Hi all, I have tried to use WireShark to view traffic on certain connections to help identify why connections seemingly randomly reset. The issue seems to be, that if a connection becomes idle, no data is sent or received for some time (for example sitting idle on an irc server and only ping/ponging) the connection "dies" and the client will disconnect the next time it tries to write to the connection. In order to check this, I looked at traffic on http, irc and also for the online game WoW. In the trace, WireShark frequently informs me that packets were sent out-of-order, previous tcp segments were not captured and packets marked with TCP retransmission. There is not enough traffic on the nic or lack of processing power for wireshark to warrant not capturing previous segments so often. Does this indicate a connection problem? If so, does this indicate a problem with my hardware? Edit: IRC Bnetgame. My HTTP capture had many, many more marked packets however it likely contains personal information and is very large. The spikes in bnetgame correspond to when the client informed me I was disconnected and reconnected. The IRC capture shows me connecting, joining and then having my connection disconnected several times. asked 30 May '13, 08:39  Joshx00 edited 30 May '13, 09:59 |
One Answer:
It depends on your capture setup whether the symptoms you're describing are really part of a problem with your connection or hardware, or just a flawed way of recording packets. For example you might loose packets on a switch SPAN session, or writing to disk is too slow to write all captured packets to disk in time. You should try to find out if you have drops (shown in the status bar right after stopping the capture). If there are none, your capturing machine was fast enough to write all captured packets to disk. Next thing is to find out if there are really retransmissions or just duplicate packets in the trace. Also, you will have to determine if the combination of "previous segment not captured, Out-of-Order, retransmission" isn't just an out-of-order cluster of packets. To do that you need to understand how retransmission works in regard to round trip time - could the sender have known that the packet is lost when it was sent or not? If the retransmissions comes in too fast it is probably just normal Out-of-Order behavior. Maybe you can post a sample capture at http://www.cloudshark.org so we can take a look (only if it does not contain sensitive information). answered 30 May '13, 08:52  Jasper ♦♦ |
Since Akismet believes my comment is spam here, I have edited my question.

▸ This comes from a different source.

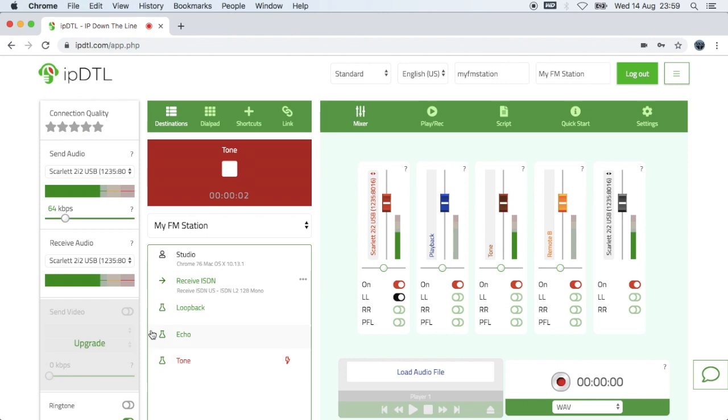You'll see that the tone is coming out on the receive audio meter, but it's also going back into IBDTL on the send audio meter. Now, that's a problem.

You've got bidirectional packet loss, so it looks like your connection to the internet is loosing packets both ways. In the IRC case it also leads to a RESET termination due to the fact that the other node doesn't reply anymore (Stream Index 0) and your local PC gives up in packet 88.
This may be caused by some other PC/node in your network performing massive downloads which clog the line.
Hi, no packet loss shows up in ping tests to these servers. Would there be a reason for this? Also, if I spam the connection with requests (such as ping/ponging every 3 seconds) it is stable. Is this because there are more replies to indicate the server is still alive?
Ping tests are not really accurate since the packet frequency is quite low (usually with 1 second delay) and they're pretty small (usually 64 byte), so they have a high chance of getting through. Packet loss usually happens with high packet volume (meaning: delta times between packets in the millisecond or microsecond range) and with larger payload.